**Your goal:** Print the records below exactly, from the line containing "World TB Day" down to the line containing "吉林九台农商银行代怀博膝伤反复，考虑赛季后手术", both lines included, and omit every picture.

**Given data:**
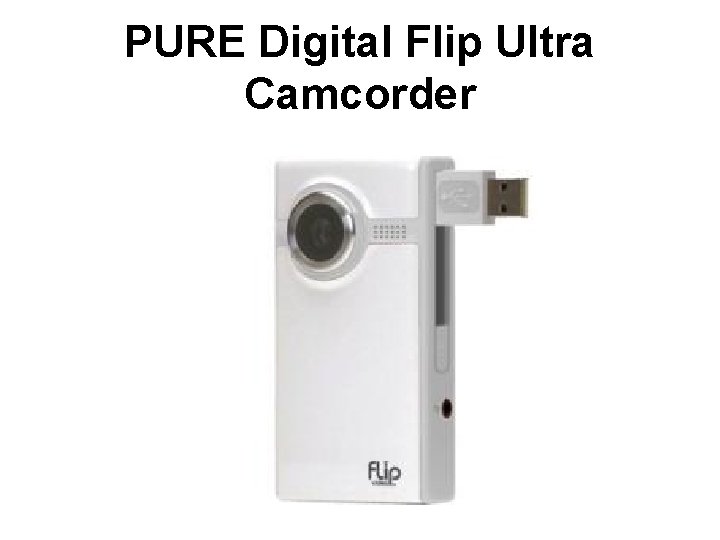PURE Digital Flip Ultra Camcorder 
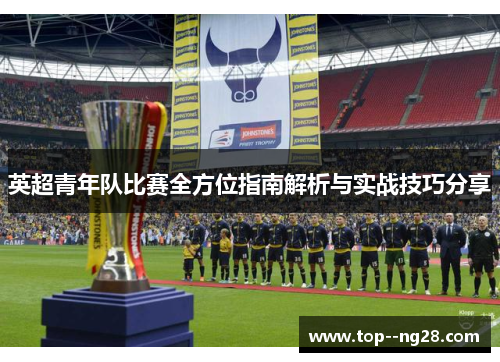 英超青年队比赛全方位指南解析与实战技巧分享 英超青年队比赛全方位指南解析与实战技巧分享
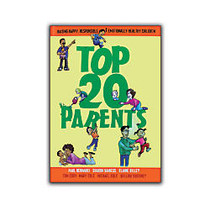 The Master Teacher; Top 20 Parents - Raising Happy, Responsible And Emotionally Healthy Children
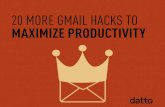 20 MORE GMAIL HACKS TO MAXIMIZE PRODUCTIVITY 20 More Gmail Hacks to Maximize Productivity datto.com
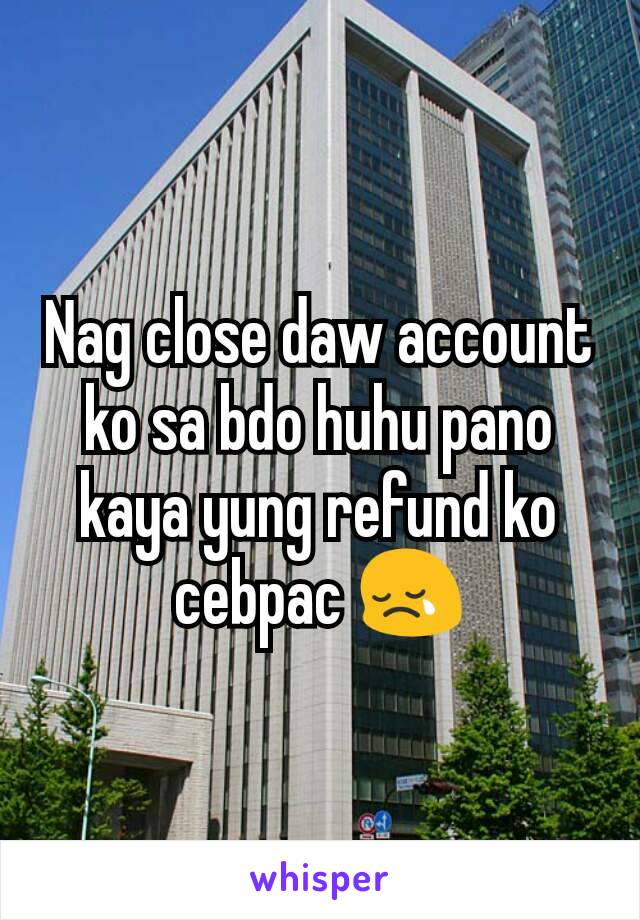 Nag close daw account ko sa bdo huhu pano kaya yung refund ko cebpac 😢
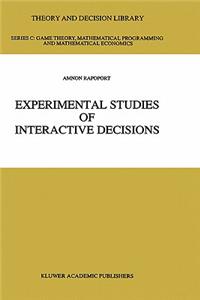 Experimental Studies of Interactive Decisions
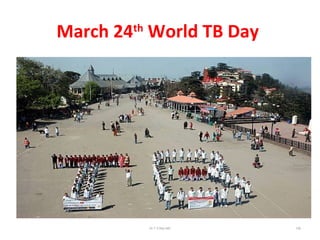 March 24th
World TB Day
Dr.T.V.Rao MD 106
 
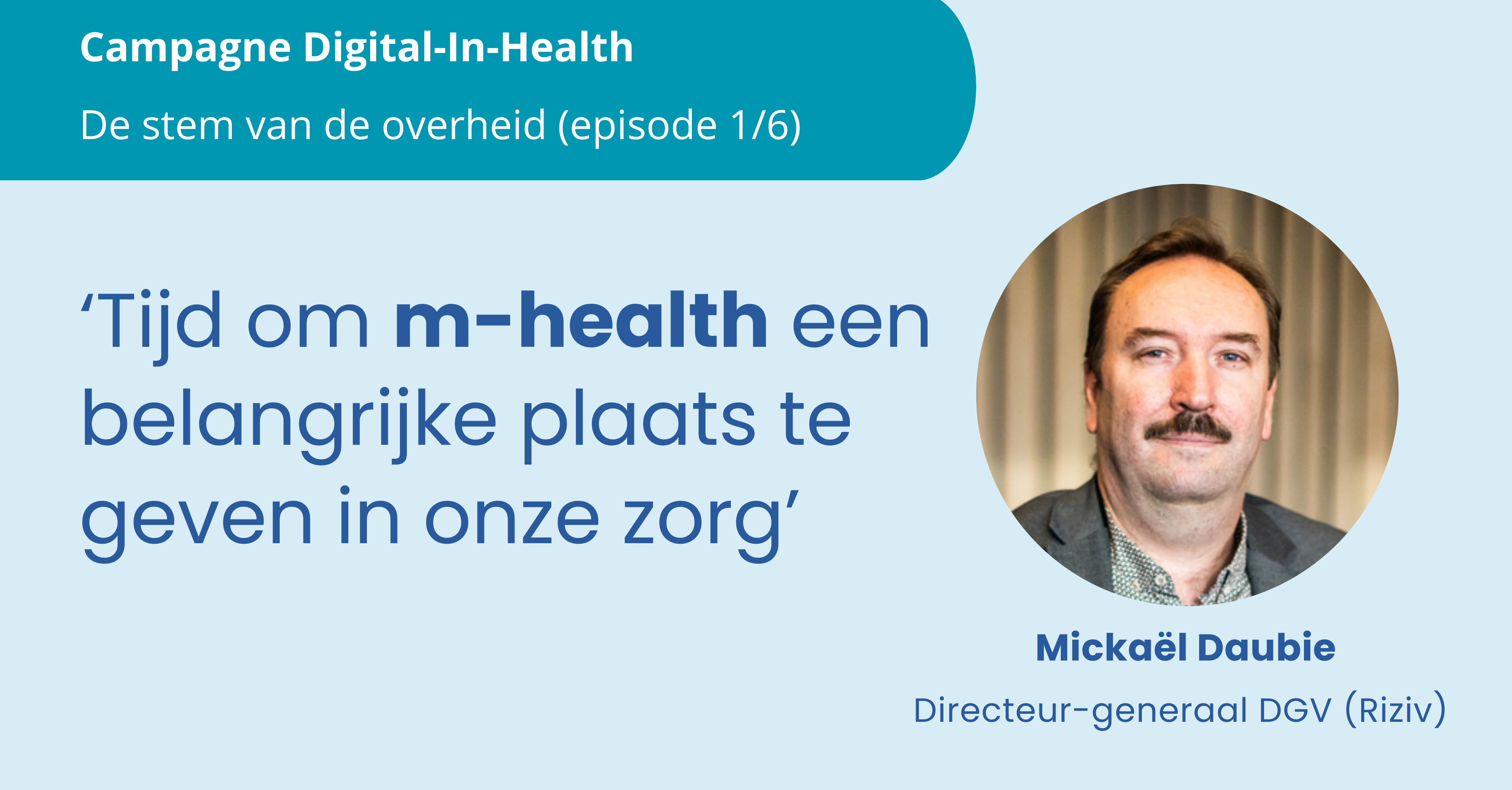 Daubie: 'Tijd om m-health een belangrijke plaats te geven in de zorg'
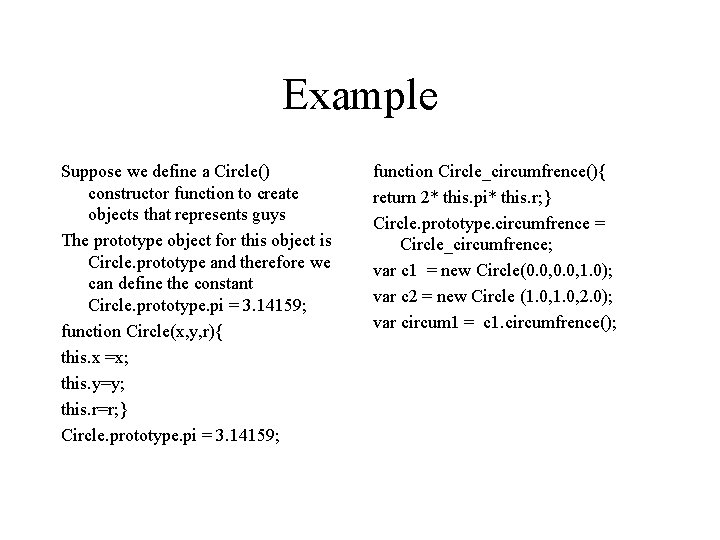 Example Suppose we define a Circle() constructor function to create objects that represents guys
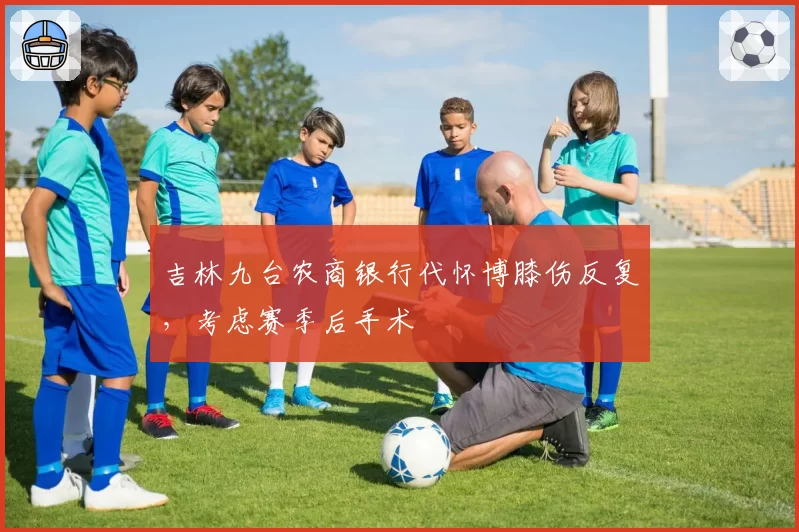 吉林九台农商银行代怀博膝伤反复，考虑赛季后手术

==

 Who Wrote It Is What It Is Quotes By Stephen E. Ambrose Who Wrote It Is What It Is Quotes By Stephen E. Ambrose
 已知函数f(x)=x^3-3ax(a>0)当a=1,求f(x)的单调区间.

**Written solution:**
World TB Day
Dr.T.V.Rao MD 106
 
 Daubie: 'Tijd om m-health een belangrijke plaats te geven in de zorg'
 Example Suppose we define a Circle() constructor function to create objects that represents guys
 吉林九台农商银行代怀博膝伤反复，考虑赛季后手术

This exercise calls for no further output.